Task statement: Without including any pictures, give back all of the data exactly.

[Saved entries]

§ §

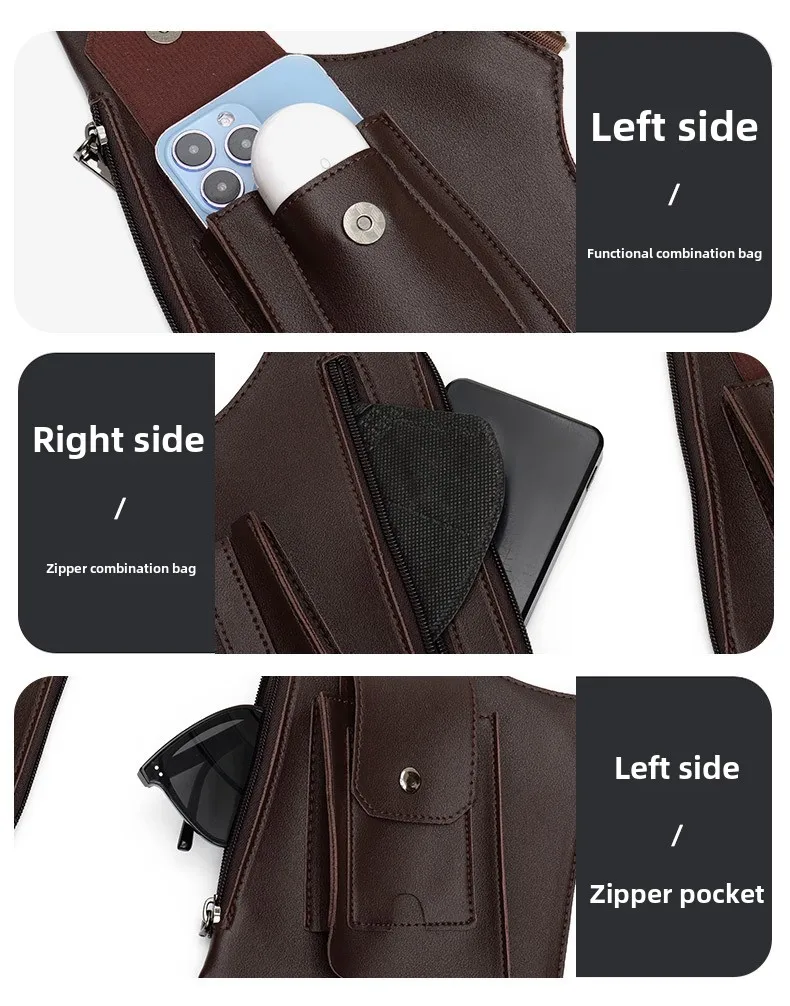 For Amazon Fashionable PU Men's Ladies Outdoor Shoulder Bag Retro Strap Underarm Satchel Zipper Multifunctional Mobile Phone Bag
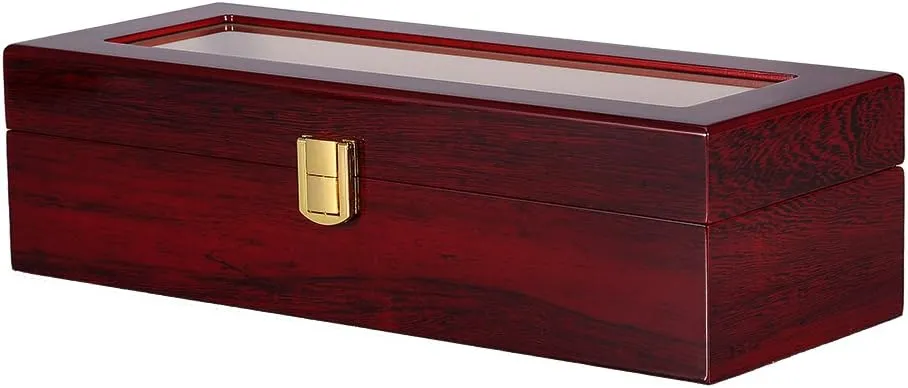 Display., brown,peach,clear Uten Watch Box, 6 Slot Watch Case, Watch Holder with Glass Lid, Wooden Watch Case with Removable Watch Pillow, assumption puzzle coincide Metal Clasp Watch 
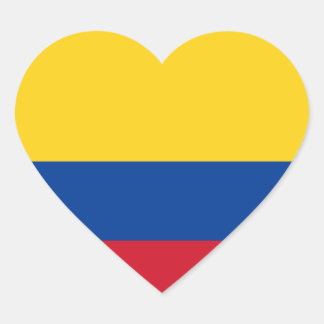 Cœur Sticker Coeur drapeau de Colombie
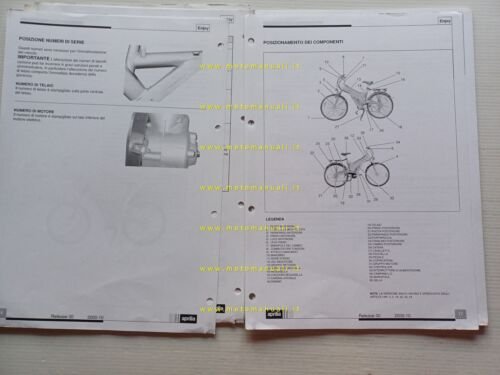 Aprilia bici elettriche Enjoy Racing-City 2000-01 manuale officina ORIGINALE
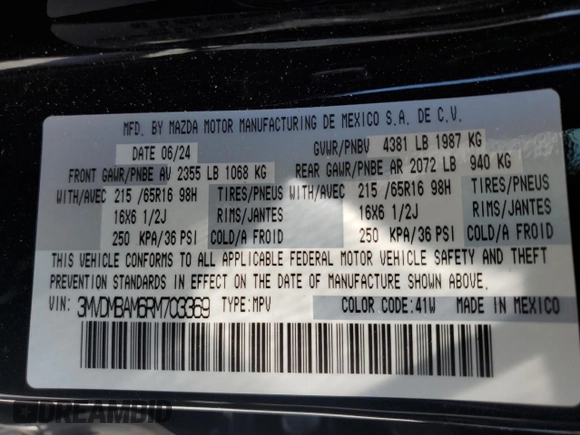 2024 Mazda CX-30 S with VIN 3MVDMBAM6RM703369, listed as a Copart auction lot 58508225 with 10,253 mi miles and Non repairable. Bid and sale history available at DreamBid. Image 14.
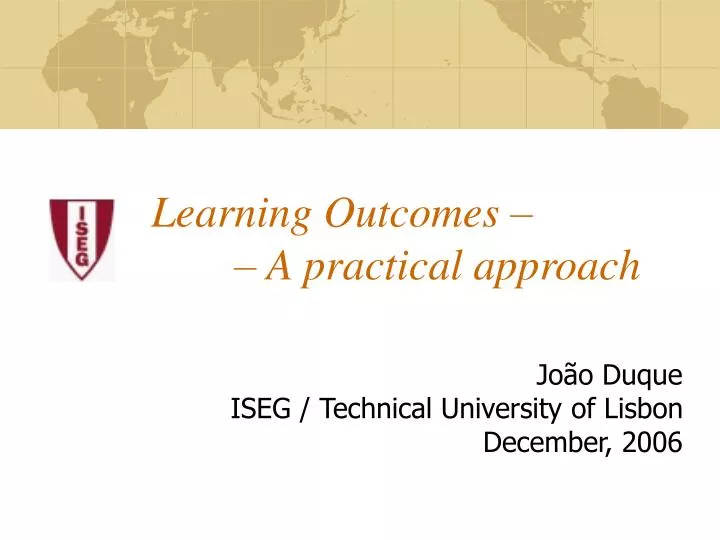 learning outcomes a practical approach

§ §

Solution:
 For Amazon Fashionable PU Men's Ladies Outdoor Shoulder Bag Retro Strap Underarm Satchel Zipper Multifunctional Mobile Phone Bag
 Display., brown,peach,clear Uten Watch Box, 6 Slot Watch Case, Watch Holder with Glass Lid, Wooden Watch Case with Removable Watch Pillow, assumption puzzle coincide Metal Clasp Watch 
 Cœur Sticker Coeur drapeau de Colombie
 Aprilia bici elettriche Enjoy Racing-City 2000-01 manuale officina ORIGINALE
 2024 Mazda CX-30 S with VIN 3MVDMBAM6RM703369, listed as a Copart auction lot 58508225 with 10,253 mi miles and Non repairable. Bid and sale history available at DreamBid. Image 14.
 learning outcomes a practical approach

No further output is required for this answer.